The list of VPN user tips geven here have developed out of experience traveling to many countries and
using VPN services to maintain connectivity to sites and services in the webmaster's home country. In
particular, using the internet in China has been a struggle. Rather than adapt to barriers like the Great
Firewall of China, the webmaster has chosen to fight internet censorship.
Suggestions given below are considered effective means of using VPN services in non-permissive environments.
- Subscribe to a service with many gateways. If you run your own servers, have them on many IP addresses,
and be prepared to abandon IPs as they are blocked by the adversary sysadmin / government.
- Use ports that are most inconspicuous. Ports 443 and 1194 are well known to carry VPN traffic in addition
to their other common uses (SSL and online gaming, respectively), and are often blocked by countries like
China or Saudi Arabia.
Here are some common ports with enough traffic to make your presence harder to detect:
PROTOCOL | PORTS | APPLICATION |
TCP or UDP | 6970-6969 | BitTorrent |
TCP | 993 | Encrypted IMAP |
TCP | 3389 | Windows Remote Desktop |
UDP | 123 | Network Time Protocol |
UDP or TCP | 531, 5190-5193 | AOL Instant Messenger |
UDP | 666 | Doom, Online Game |
UDP or TCP | 749 | Kerberos Administration |
UDP or TCP | 1503 | Windows Live Messenger |
TCP | 4664 | Google Desktop Search |
TCP | 5050 | Yahoo Messenger |
TCP | 16080 | MAC OS X Server |
TCP | 19294 | Google Voice |
Other randomly chosen ports between 1025 and 64000 will work as long as your firewall will permit the
traffic and the remote server is configured to accept data on that port. Here is a
very good list of ports and applications.
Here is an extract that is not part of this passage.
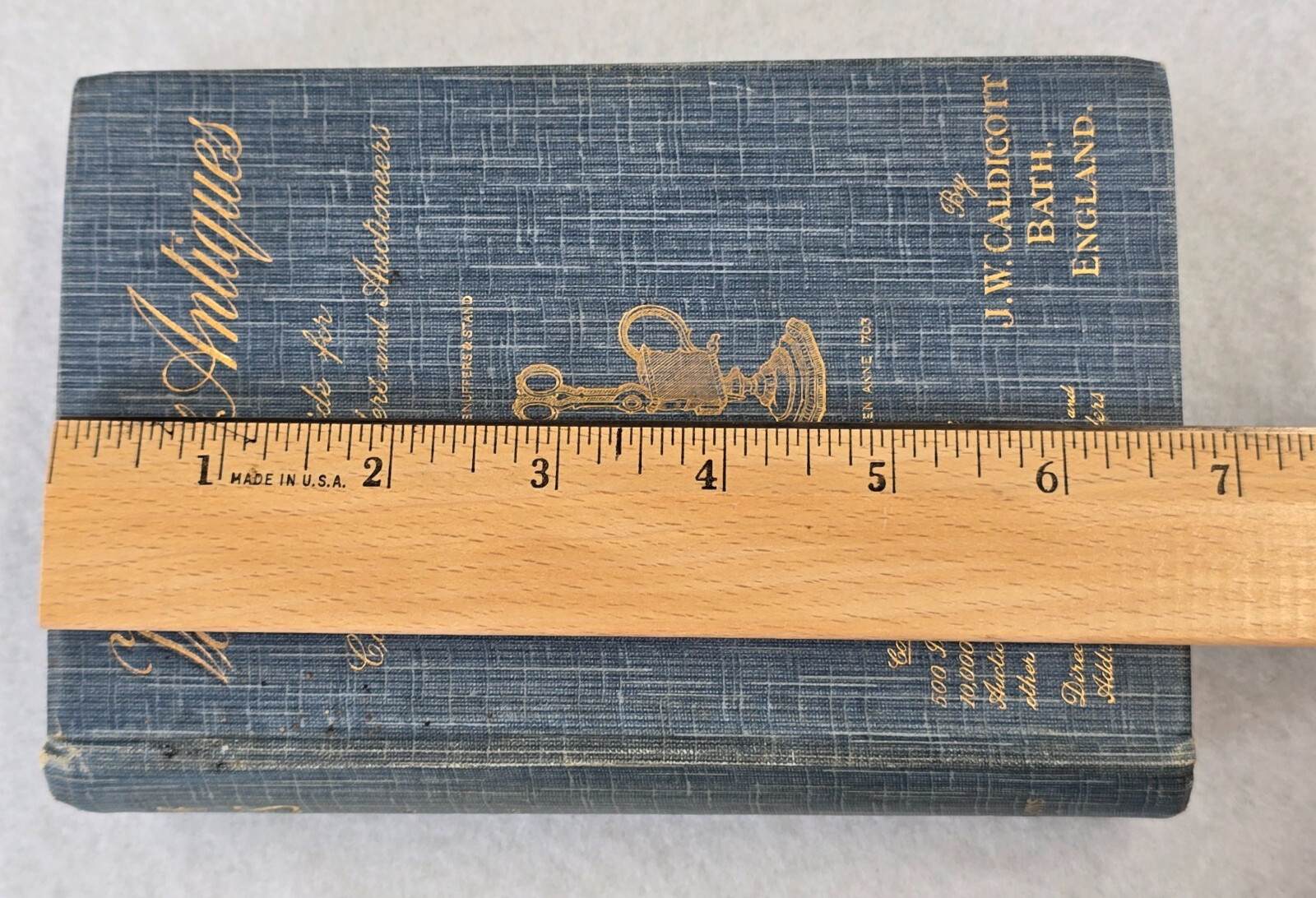 VALUES OF ANTIQUES by J. W. Caldicott Bath, England 1929 Vintage Hardback Book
- Whenever you attempt to access sites with sensitive content, use the VPN. Never go to such pages in
the clear, then try the VPN after finding them blocked. That merely gets the attention of traffic analysts and
makes denial of access more likely. Some countries will detect this and cut off your access. You may even
be visited by police.
- Use the VPN only whe needed. Deep packet inspection can be used to detect VPN traffic, and when
constant usage is found, access is often restricted for the user's IP address. Adversaries can't easily
determine what was in the data, but they can block the connection.
- Two hop VPNs sound sophisticated, but offer limited increases in security. For better security, use better
encryption and stronger keys. OpenVPN does a very good job with 256 bit Blowfish and 2048 bit RSA keys.
Don't expect the NSA to crack your codes during the lifetime of the world.
- Don't forget to use a trustworthy DNS server. Google DNS and OpenDNS are great, and there are others
as well. Continuing to use the internet service provder's DNS, in countries such as Iran, Syria, or China, will
result in denied access.
- Avoid VPN services claiming to have their own, special, uncrackable encryption. The best providers
do not make such claims, but newer companies, offering a cheaper product have been known to make
this ridiculous claim. Note that OpenVPN is free, uses protocols known to be strong, proven robust through
peer review. Why take risks with a proprietary system closed to professional scrutiny?
- For highest speed, use a server located near you, for access to the world. For access to systems sensitive
to location and IP address (Facebook, Google, banks, etc), stay with one server near the remote system. Sending
your internet data packets on long, world spanning round trips will reduce your bandwidth.
- For the most secure protection of your internet traffic, use a service with OpenVPN SSL tunneling. As a
secondary choice, LT2P is widely used and almost as secure.
- Always bear in mind that security and anonymity are two different things. Your VPN provides security
between your computer and the distant gateway server. It also provides anonymity to the extent that your
traffic enters and exits the internet at a remote IP address and not your actual address. The VPN doesn't
time-shift your traffic, nor does it prevent your other software from giving you away. If you publish an expose
of your local perverted, cannibalistic, bestial dictator on the net, please remember to not let your software
sign the document with your actual name!
- A bonus tip: Use your "hosts" file to directly access blocked websites without the need for DNS
lookups. Facebook and many others have SSL secured pages that are difficult to block, since the
data is encrypted and resistant to blacklist screening. You can access them by IP address.
- Another bonus tip: In countries most hostile to VPNs, consider using additional software to obvuscate
or hide the protocol from deep packet inspection. Stunnel
and
Obfsproxy
are effective add-ons which make VPN data packets difficult to detect and isolate.